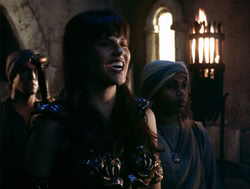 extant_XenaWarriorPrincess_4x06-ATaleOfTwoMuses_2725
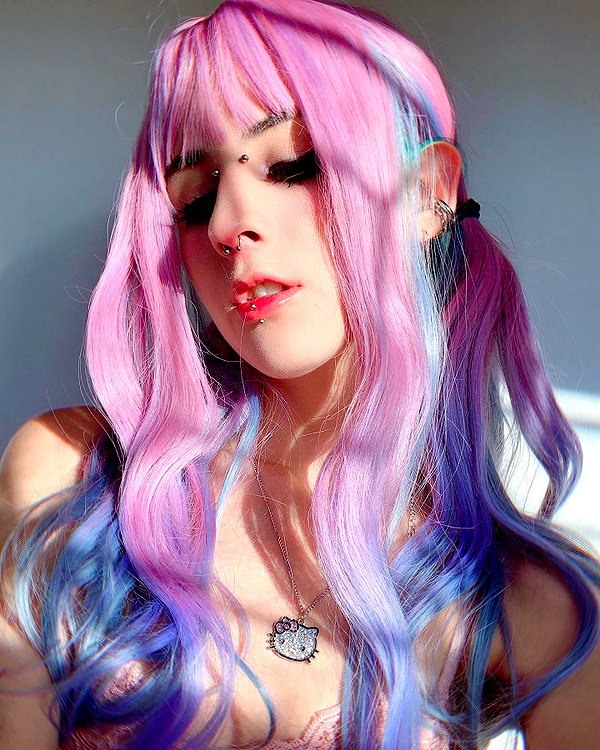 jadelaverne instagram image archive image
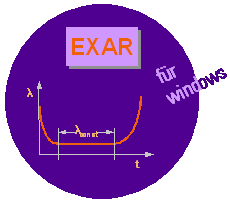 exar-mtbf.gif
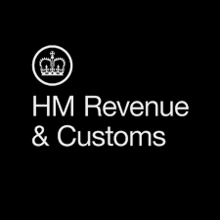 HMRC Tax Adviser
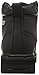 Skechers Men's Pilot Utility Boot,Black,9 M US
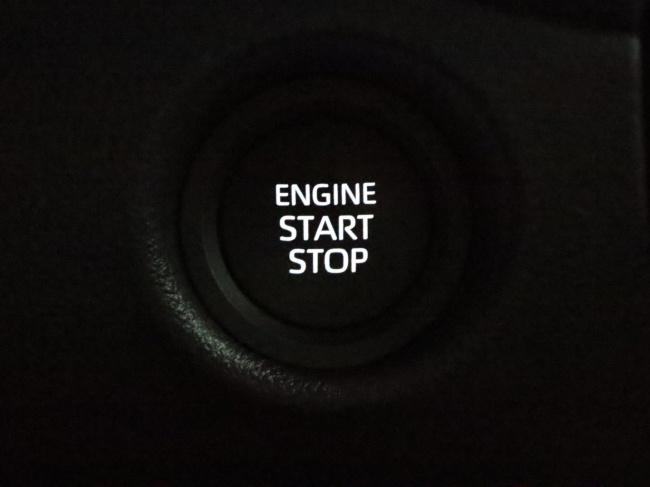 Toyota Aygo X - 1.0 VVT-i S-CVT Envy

^^^^^^^^

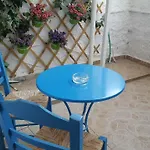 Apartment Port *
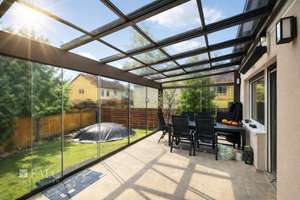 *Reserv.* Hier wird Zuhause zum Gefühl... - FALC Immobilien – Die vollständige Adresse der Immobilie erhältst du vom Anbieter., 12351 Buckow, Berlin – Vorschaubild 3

^^^^^^^^

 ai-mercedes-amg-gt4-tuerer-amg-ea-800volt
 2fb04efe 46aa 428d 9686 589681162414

^^^^^^^^

**REQUIREMENT:** Output exactly the lines above, beginning at the one with "jadelaverne instagram image archive image" and stopping after the one with "Toyota Aygo X - 1.0 VVT-i S-CVT Envy". Pictures are to be omitted.

**ANSWER TO THE PROBLEM:**
 jadelaverne instagram image archive image
 exar-mtbf.gif
 HMRC Tax Adviser
 Skechers Men's Pilot Utility Boot,Black,9 M US
 Toyota Aygo X - 1.0 VVT-i S-CVT Envy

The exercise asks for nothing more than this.